### PROBLEM TO SOLVE
Which of the lines in the listing that follows hold "Canvas"? Pull each one out.

### INPUT
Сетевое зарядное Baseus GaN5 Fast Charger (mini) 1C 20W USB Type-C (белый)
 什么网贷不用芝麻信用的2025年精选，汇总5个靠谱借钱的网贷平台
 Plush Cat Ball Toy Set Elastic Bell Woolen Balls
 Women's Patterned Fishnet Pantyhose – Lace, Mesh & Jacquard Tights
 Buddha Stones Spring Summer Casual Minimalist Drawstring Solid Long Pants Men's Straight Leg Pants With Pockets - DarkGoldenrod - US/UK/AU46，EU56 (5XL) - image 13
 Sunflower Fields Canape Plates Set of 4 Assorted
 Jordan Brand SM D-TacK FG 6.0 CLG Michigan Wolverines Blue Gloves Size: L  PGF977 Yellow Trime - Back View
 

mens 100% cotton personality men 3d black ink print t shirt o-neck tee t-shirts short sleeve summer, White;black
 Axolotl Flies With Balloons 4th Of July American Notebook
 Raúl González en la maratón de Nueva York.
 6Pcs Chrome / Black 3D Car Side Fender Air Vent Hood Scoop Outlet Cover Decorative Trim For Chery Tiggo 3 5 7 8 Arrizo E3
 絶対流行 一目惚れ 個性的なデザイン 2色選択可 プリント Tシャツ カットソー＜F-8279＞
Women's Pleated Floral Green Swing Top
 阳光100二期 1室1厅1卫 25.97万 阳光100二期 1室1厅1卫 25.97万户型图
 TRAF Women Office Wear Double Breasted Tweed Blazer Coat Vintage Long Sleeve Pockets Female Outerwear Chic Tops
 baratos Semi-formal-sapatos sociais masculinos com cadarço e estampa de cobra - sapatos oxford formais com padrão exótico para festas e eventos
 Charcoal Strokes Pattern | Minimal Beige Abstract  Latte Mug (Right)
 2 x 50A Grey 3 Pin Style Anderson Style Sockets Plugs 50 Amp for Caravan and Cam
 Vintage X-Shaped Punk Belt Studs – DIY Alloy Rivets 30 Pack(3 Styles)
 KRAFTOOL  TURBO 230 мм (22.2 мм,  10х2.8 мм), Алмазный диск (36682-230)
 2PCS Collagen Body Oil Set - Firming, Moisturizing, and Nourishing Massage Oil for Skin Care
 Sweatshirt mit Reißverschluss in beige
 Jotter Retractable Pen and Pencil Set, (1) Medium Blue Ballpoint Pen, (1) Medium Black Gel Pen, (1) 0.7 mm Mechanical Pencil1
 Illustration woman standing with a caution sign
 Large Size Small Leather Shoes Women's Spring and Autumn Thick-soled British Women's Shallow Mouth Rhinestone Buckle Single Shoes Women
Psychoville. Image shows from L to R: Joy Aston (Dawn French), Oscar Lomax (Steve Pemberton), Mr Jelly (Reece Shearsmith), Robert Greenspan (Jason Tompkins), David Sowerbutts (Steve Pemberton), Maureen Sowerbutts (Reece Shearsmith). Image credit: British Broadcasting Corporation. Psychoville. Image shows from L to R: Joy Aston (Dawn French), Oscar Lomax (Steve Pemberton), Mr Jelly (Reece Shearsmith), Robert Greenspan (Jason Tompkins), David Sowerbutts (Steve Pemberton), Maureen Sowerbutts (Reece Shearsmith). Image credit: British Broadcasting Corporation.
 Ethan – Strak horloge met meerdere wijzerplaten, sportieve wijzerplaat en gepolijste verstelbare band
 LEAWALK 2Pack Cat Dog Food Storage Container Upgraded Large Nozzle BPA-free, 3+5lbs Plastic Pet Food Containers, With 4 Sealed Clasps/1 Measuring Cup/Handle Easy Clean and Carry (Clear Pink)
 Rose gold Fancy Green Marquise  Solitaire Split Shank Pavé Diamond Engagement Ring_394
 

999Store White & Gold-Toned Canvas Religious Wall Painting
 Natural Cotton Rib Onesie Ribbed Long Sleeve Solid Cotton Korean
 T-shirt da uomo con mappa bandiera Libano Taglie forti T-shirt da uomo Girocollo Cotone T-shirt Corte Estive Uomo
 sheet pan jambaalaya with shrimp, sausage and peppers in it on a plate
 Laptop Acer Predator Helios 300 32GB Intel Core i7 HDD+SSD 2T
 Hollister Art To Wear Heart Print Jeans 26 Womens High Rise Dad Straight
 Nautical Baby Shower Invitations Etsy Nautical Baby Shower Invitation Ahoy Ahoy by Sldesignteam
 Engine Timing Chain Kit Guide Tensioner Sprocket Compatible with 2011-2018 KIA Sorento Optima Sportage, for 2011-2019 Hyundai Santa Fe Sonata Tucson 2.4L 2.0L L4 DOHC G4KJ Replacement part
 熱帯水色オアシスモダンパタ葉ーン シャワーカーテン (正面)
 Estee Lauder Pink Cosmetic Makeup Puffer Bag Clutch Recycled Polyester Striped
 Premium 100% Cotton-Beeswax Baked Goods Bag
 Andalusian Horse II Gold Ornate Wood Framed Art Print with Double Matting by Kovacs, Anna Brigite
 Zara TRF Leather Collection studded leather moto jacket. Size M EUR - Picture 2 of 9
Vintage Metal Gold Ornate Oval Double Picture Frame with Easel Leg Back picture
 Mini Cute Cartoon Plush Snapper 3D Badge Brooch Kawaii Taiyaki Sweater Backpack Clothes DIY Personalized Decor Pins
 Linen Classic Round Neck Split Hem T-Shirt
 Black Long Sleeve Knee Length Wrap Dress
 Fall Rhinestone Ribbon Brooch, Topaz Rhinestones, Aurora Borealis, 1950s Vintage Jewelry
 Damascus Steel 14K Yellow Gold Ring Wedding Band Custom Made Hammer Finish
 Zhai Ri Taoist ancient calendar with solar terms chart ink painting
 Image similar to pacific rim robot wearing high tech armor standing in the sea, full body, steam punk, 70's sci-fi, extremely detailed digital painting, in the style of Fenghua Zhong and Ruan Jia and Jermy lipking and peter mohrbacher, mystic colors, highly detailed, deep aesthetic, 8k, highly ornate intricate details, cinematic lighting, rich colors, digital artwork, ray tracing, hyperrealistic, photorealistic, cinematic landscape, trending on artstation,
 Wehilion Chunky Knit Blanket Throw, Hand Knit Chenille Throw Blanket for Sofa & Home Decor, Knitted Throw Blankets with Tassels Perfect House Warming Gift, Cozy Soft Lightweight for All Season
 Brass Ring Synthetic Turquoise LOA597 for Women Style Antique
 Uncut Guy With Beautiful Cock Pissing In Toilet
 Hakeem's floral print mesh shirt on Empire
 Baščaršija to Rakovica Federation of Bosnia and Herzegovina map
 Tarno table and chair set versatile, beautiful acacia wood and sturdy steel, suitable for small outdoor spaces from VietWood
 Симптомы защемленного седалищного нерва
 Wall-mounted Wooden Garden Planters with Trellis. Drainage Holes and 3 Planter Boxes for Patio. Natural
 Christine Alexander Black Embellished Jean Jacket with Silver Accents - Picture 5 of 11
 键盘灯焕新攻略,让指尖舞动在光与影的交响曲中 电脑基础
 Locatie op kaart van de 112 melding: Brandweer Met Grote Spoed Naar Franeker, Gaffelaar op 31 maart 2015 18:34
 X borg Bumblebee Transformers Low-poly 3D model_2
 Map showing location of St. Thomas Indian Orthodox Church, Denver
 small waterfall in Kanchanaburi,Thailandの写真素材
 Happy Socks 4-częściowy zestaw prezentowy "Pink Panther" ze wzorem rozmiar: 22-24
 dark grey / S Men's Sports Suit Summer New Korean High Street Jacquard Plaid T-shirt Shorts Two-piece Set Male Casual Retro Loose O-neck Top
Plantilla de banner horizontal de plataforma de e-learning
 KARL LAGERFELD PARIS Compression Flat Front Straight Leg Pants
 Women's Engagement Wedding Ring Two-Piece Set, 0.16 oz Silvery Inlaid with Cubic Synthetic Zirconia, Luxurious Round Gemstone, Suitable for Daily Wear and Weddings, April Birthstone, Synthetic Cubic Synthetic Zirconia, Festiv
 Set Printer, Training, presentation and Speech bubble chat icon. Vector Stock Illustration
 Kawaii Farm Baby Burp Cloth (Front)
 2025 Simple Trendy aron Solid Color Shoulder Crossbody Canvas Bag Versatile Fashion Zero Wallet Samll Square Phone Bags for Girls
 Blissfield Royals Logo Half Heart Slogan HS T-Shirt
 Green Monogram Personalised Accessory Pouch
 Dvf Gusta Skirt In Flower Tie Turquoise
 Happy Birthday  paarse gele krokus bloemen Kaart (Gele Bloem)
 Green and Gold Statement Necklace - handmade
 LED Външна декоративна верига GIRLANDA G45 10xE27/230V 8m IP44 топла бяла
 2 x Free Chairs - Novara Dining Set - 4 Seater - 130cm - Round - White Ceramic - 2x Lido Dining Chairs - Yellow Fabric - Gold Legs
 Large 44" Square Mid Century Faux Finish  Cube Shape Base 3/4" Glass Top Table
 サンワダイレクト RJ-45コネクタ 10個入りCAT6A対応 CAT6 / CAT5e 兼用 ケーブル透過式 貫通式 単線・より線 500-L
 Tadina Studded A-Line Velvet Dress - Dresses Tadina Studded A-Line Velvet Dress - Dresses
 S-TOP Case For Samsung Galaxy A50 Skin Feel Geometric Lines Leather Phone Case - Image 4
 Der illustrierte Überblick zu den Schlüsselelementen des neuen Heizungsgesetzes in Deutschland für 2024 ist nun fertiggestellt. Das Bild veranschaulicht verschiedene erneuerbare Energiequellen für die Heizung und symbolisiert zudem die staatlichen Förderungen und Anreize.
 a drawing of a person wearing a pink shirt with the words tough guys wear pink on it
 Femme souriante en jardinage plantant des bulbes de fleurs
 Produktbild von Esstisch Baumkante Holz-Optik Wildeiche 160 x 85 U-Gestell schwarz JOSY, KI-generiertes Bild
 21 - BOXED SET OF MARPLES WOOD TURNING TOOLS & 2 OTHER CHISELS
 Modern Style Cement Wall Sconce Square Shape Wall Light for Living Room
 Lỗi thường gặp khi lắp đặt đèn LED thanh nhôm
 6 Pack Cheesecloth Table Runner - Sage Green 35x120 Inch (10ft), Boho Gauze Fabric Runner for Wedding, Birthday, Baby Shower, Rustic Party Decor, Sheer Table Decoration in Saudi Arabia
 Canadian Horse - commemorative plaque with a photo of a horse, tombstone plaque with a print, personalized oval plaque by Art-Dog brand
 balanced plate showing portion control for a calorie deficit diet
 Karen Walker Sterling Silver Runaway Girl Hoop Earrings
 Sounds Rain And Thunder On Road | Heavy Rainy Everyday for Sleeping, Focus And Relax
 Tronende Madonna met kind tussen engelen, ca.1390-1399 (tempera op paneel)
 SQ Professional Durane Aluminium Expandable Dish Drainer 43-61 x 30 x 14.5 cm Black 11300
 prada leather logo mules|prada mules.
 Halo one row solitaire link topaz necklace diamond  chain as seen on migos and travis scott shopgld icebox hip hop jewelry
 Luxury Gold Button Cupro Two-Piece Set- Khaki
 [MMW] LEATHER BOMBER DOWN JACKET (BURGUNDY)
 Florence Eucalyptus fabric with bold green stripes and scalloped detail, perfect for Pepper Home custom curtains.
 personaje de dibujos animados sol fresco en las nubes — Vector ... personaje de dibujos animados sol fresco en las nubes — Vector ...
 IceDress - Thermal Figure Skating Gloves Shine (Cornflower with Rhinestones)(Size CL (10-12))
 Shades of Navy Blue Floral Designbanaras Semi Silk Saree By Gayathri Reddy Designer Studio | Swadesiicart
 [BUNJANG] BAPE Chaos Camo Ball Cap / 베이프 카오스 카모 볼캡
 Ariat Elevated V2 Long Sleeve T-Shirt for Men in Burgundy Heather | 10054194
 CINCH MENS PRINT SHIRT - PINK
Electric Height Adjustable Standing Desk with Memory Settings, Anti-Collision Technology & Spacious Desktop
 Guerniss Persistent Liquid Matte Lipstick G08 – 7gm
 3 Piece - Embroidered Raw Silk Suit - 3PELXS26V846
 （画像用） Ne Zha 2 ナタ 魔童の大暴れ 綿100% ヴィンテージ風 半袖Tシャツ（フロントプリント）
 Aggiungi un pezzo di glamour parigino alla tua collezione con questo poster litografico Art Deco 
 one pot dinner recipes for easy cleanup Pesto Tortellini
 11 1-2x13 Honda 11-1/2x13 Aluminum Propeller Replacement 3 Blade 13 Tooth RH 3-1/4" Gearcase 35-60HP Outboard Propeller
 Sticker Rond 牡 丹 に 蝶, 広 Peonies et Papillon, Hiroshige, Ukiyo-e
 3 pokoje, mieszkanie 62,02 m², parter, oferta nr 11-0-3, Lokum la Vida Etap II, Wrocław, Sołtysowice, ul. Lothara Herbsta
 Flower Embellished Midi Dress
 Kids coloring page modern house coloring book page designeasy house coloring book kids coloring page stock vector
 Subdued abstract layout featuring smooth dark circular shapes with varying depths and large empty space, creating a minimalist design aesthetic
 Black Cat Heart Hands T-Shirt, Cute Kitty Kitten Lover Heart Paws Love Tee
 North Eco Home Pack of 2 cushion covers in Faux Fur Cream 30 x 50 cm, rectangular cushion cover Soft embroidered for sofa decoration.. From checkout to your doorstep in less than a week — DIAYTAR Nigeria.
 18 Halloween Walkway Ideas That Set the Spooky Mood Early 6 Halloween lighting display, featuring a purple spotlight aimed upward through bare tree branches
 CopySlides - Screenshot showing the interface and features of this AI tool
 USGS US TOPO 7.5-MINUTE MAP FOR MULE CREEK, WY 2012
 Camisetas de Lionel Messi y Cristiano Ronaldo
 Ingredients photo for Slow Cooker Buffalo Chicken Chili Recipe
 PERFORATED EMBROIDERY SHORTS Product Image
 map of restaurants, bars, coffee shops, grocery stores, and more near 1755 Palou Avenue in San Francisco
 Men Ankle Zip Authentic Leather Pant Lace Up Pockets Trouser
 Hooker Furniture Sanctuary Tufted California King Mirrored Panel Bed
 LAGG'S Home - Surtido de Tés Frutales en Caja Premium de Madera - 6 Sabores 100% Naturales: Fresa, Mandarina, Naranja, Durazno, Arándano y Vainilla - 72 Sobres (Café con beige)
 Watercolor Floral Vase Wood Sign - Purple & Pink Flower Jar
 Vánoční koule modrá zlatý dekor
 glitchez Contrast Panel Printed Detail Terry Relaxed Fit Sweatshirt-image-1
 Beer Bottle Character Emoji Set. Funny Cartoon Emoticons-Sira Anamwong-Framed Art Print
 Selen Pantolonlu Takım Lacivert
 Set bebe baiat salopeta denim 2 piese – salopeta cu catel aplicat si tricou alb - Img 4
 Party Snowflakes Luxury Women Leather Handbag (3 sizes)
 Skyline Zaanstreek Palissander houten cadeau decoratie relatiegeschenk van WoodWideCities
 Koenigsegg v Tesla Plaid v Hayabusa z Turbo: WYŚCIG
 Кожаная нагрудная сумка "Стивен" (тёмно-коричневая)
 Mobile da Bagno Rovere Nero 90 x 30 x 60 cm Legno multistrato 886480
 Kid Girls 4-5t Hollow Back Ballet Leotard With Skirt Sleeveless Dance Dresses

### RESULT
999Store White & Gold-Toned Canvas Religious Wall Painting
 2025 Simple Trendy aron Solid Color Shoulder Crossbody Canvas Bag Versatile Fashion Zero Wallet Samll Square Phone Bags for Girls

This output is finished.